### INSTRUCTIONS FOR THE TASK
This task calls for the lines below starting at the one containing "29.06.2025 - hella" and ending at the one containing "Uzmanı önerdi! Ağız", repeated exactly with both ends kept and pictures left out.

### GIVEN RECORDS
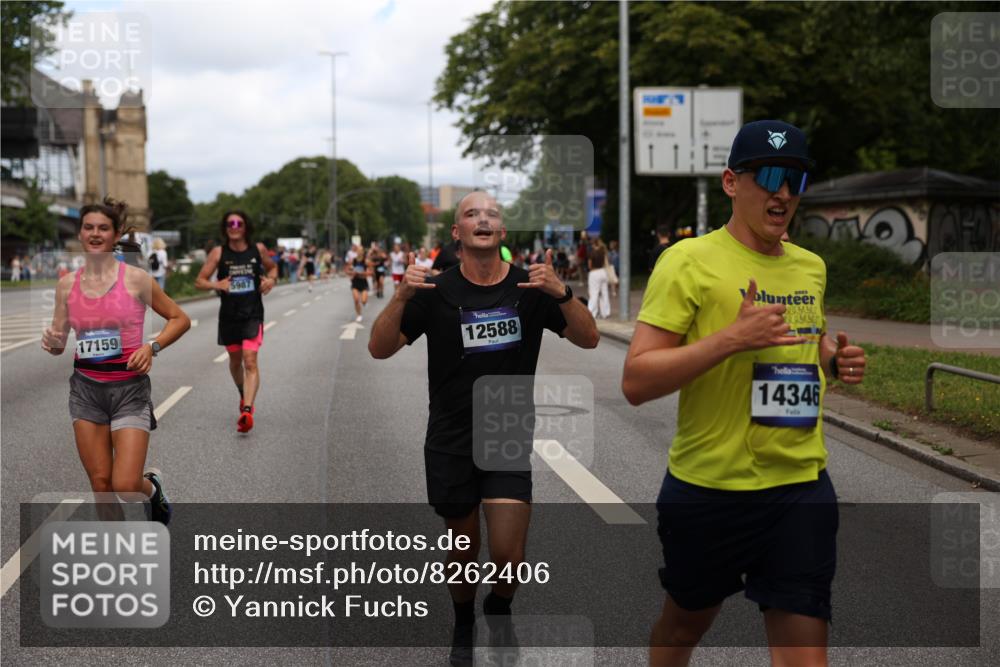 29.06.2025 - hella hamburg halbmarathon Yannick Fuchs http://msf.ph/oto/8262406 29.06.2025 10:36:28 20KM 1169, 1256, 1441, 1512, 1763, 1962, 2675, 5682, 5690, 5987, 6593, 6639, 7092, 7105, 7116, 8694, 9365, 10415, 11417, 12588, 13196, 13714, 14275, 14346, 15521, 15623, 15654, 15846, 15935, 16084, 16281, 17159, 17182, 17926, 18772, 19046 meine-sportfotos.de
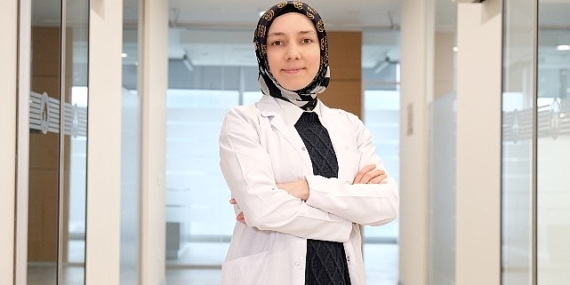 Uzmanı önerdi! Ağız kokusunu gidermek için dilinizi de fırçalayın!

...

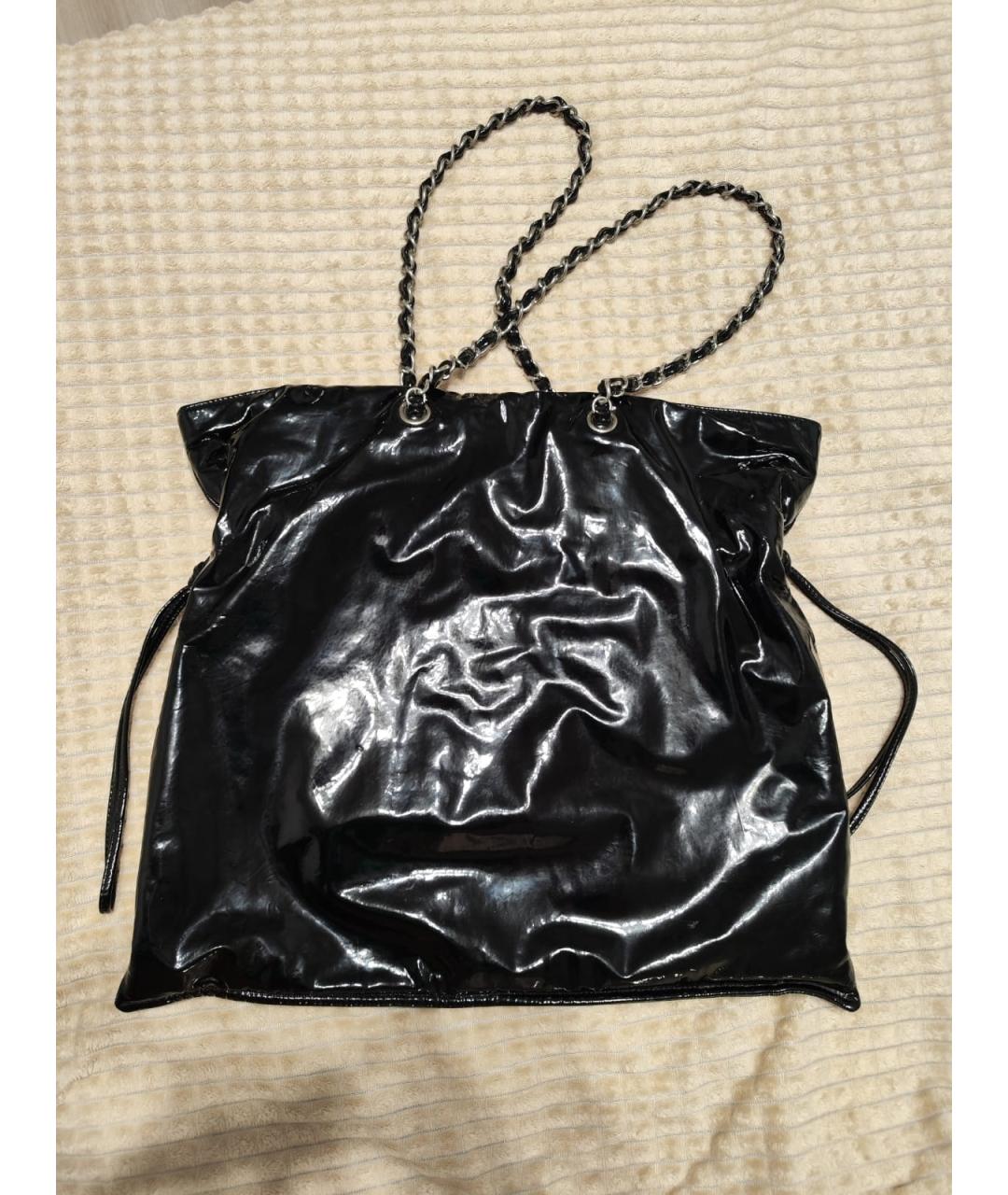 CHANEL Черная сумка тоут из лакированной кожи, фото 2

==

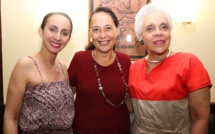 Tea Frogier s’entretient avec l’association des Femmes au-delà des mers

### ANSWER SPACE
 29.06.2025 - hella hamburg halbmarathon Yannick Fuchs http://msf.ph/oto/8262406 29.06.2025 10:36:28 20KM 1169, 1256, 1441, 1512, 1763, 1962, 2675, 5682, 5690, 5987, 6593, 6639, 7092, 7105, 7116, 8694, 9365, 10415, 11417, 12588, 13196, 13714, 14275, 14346, 15521, 15623, 15654, 15846, 15935, 16084, 16281, 17159, 17182, 17926, 18772, 19046 meine-sportfotos.de
 Uzmanı önerdi! Ağız kokusunu gidermek için dilinizi de fırçalayın!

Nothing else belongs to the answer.